Re: Relations Between Africans and African America
Posted By: Masimba Musodza In Response To: Relations Between Africans and African Americans *LINK* (selassielive)
Date: Thursday, 31 August 2006, at 5:30 a.m.
In Response To: Relations Between Africans and African Americans *LINK* (selassielive)
Interesting, although it must be noted that one cannot address the situation in one single book.
As an African staying in the UK, I have found it difficlt to relate to Black people who identify themselves as "Black-British" or "Afro-Carribean." I never seem to have the same problem with the Somalis, Nigerians, Ghanaians etc. Even with the light-skinned north-Africans, the Libyans, Egyptians etc, there is a sense of fraternity and solidarity. My only problem is that because I have dreadlocks and speak with a modulated accent that is often mistaken for posh English ( it is, I assure you, a Zimbabwean accent) people at first take me for a Jamaican. The barriers are brought down when they find out that I am not, and I am called "brother". It was because of these incidents of mistaken identity that I came to know of the rift between Africans and people of African descent.

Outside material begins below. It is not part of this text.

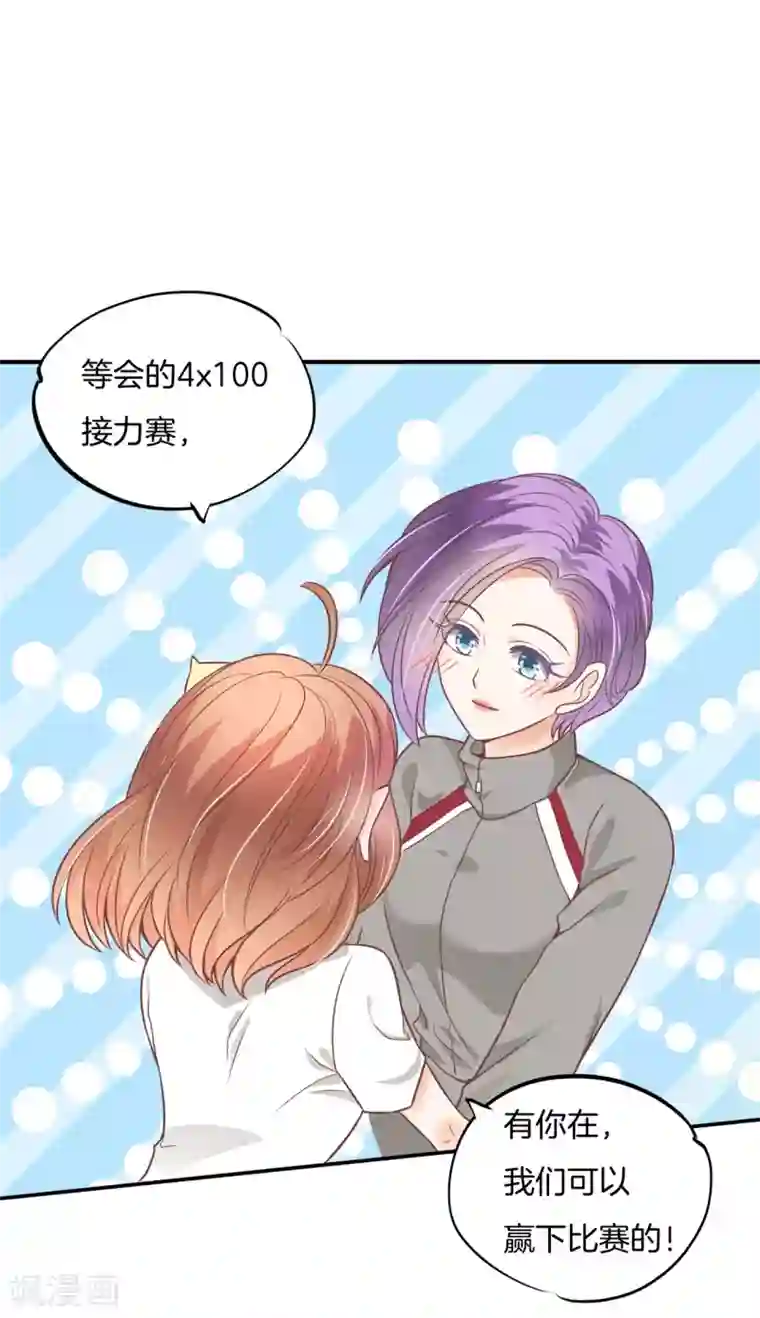 学霸哥哥转型中第218话 被下药了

The other incident was when a Jamaican work colleague made a remark about Africans and how "mi 'ate dem, man!" He too had assumed I was from "Yard". In fact, many of the Jamaicans I meet soon move away as soon as they learn that I am "from Hafrika."
My friends in the States- there is a Zimbabwean community in Arlington, Texas, among other places, tells me the same thing- MaNegro (as we call Black Americans. This is not meant to be a disparaging term, it is a tribal term, like I am Buja and someone is Tutsi or Scottish etc) are not as brotherly as we thought they would be and so the Zimbabweans tend to keep to themselves.
So, what is the problem? To me, it would seem to be a cultural one. I do not have a problem with the older generation of Jamaicans, we get along fine. It's this other lot that take drugs, have babies with many partners, tattoo their bodies, speak a language made up mostly of a certain word denoting women's sanitation pads and that one which starts with F and its derivatives, that play their radio loud on the bus and drop litter everywhere and cannot read or write- well, no sense of Black solidarity is going to endear them to me.
An observation I have made is that when whites are present, these Black British etc distance themselves from us even further. They are the first with the condescending.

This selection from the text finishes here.